John_Maxwell comments on Hacking on LessWrong Just Got Easier

John_Maxwell 4 Sep 2011 6:20 UTC
2 points
Awesome!

I don’t have time right now but someone should totally implement a recommendation engine for Less Wrong articles. Seems like it could be really high utility (is recency really the best criterion for determining the optimal Less Wrong article for a user to read?) as well as a great excuse to bone up on the latest in machine learning and narrow AI. (I’m a little leery of learning about a field without applying it to some project—if I’m able to apply knowledge successfully that makes me feel a lot more confident that I’ve mastered it. And having a project in mind helps resolve questions of how deeply I want to master a given piece of material—just master it well enough to do the project.) Plus if you fail at this there won’t be any stigma—the reddit team worked on their recommendation engine for years without it going much of anywhere.

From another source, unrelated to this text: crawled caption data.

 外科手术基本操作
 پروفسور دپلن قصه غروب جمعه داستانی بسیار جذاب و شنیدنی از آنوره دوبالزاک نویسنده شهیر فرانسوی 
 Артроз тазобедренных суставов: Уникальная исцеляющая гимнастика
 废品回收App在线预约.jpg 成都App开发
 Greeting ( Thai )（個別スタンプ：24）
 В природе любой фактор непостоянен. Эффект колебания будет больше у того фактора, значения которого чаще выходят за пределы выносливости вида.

Can anyone recommend any books they’ve read that would be useful to an endeavor such as this? Programming Collective Intelligence looks pretty interesting but I haven’t read it.

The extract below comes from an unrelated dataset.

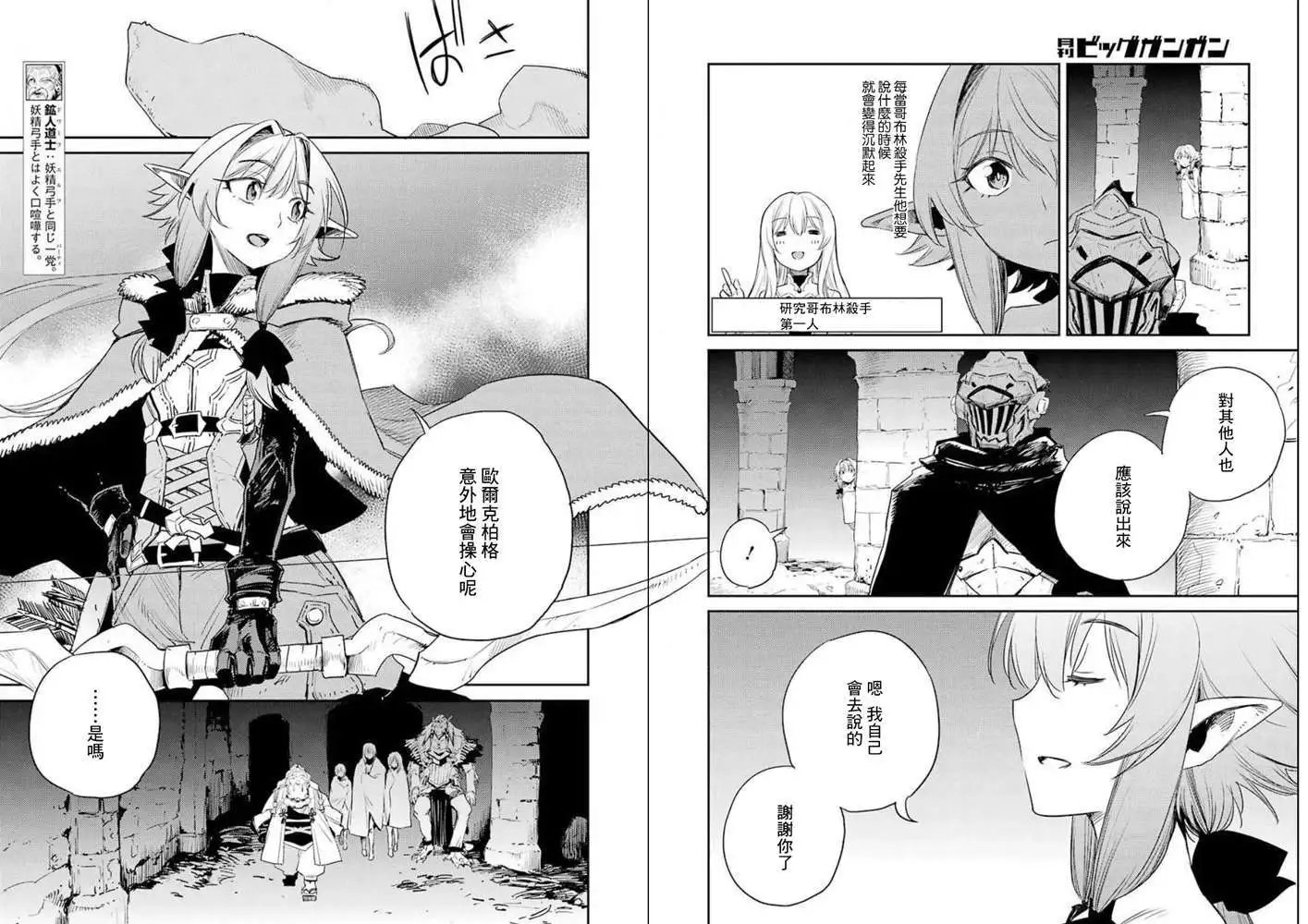 第48话和谐版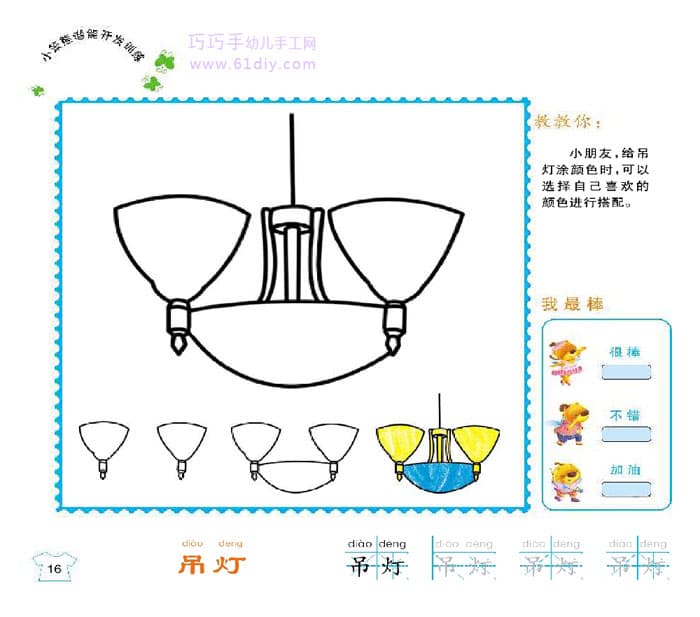 吊灯的画法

- jefftk 5 Sep 2011 20:09 UTC
  0 points
  Parent
  Better than recency, perhaps the top scoring posts of all time?
  
  A recommendation engine needs information about what posts you are glad to have read and ideally what posts you read but did not fund useful. So if the engine knows for each user (1) the set of posts they’ve read [1] and (2) the set of posts that they’ve voted up, then we have an evaluation criterion: did we choose to show people posts they voted up?
  
  You’d then need to figure out features and write code for them so the learning algorithm could find user correlations. Set up a svm or something to get probability of upvoting given viewing. Then you use some sort of multi armed bandit algorithm so you continue to gather information.
  
  [1] This isn’t perfect, because you can open a post without reading it. We could detect scrolling and log how much of it they actually read, but people might not like the privacy implications.